As Jem cracks, Harriet Cains does her best work - she and Luke Newberry work brilliantly together, and there's a real, genuine warmth to their interaction.
Afterwards, Kieran determines to make amends with Lisa's family, but has to make a very different confession than the one he'd planned. Lisa's parents are happy to accept that Kieran attacked their daughter, but only because they believe she will return as a PDS sufferer and can't accept the truth - that she's gone for good. It's the sort of bizarre, almost comical moral ambiguity that only a show like In The Flesh could explore.
Rick, meanwhile, is becoming increasingly wary of Bill (Steve Evets) and ultimately casts off his human disguise entirely to defy his father - a bold choice that costs him dearly. David Walmsley is a real talent - witness the fantastic scene in which he conceals the 'bad side' of his scarred face - and it's a shame that we didn't get more Rick this week. But more on that later.
I'd initially suspected - given Rick's impressive knife wielding - that he'd be forced to kill his father, but in the event, writer Mitchell opts for a crueller climax, with deranged Bill killing his son and dumping him on Kieran's doorstep, before retreating inside himself to erase all knowledge of the crime.
Steve Evets and Luke Newberry are fantastic in the confrontation that follows, and Ricky Tomlinson's Ken Burton later blowing Bill away as an act of retribution for his wife's murder is a wonderful moment - though I could have done without the clumsy metaphor of Bill literally having blood on his hands.

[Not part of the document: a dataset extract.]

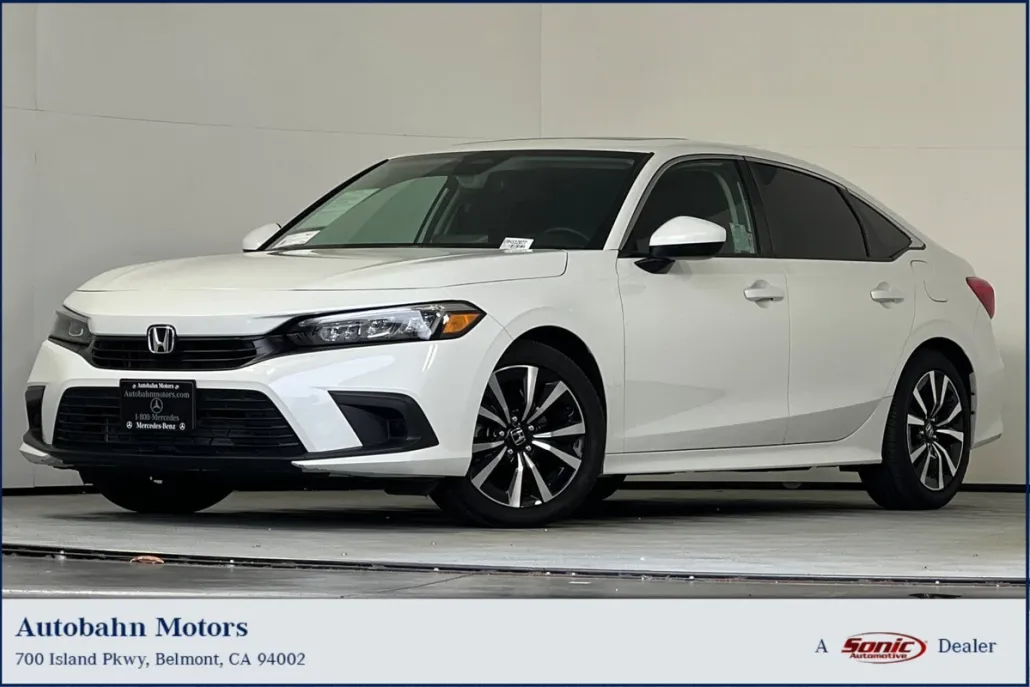 2024 Honda Civic EX photo 1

The devastation of the Macy family brings this initial three-episode run of In The Flesh to a grim yet fitting end, but so, so much is left unresolved or only half-explored. The unlikely romance between Amy and Philip (Stephen Thompson) is a development that comes out of nowhere and subsequently goes nowhere - a consequence of the limited three-episode run.
The fact is that Dominic Mitchell just has too many ideas to cram into such a brief trilogy. Some characters get their due - Marie Critchley gets two sensational monologues this week as Luke's mother Sue Walker, but Amy - who leaves Roarton to find the Undead Prophet - only has a few short scenes, though her interaction with Kieran again feels heartfelt and genuine.
The short run sees so much talented go under-utilised - veterans Ricky Tomlinson and Kenneth Cranham are sidelined, while talented Skins star Alex Arnold is relegated to a cameo - and many story threads - Kieran and Jem's renewed relationship, the Undead Prophet - go unresolved.
Dominic Mitchell has spoken openly about having penned a series bible that plots out the mythology of future seasons; In The Flesh was a truly unique drama and undoubtedly a risk for BBC Three, but it's a risk that paid off. Now the Beeb needs to take another risk and cough up the cash for series two.